§ **Data provided**:
* * * *

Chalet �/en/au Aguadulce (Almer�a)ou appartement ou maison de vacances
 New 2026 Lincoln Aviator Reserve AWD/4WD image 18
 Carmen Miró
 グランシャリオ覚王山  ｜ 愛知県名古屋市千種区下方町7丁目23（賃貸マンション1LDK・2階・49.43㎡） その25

* * * *

§ **Task goal**: From the line with "New 2026 Lincoln" to the final line of the listing, write out each line unchanged. Add nothing.

§ **Answer for this exercise**:
 New 2026 Lincoln Aviator Reserve AWD/4WD image 18
 Carmen Miró
 グランシャリオ覚王山  ｜ 愛知県名古屋市千種区下方町7丁目23（賃貸マンション1LDK・2階・49.43㎡） その25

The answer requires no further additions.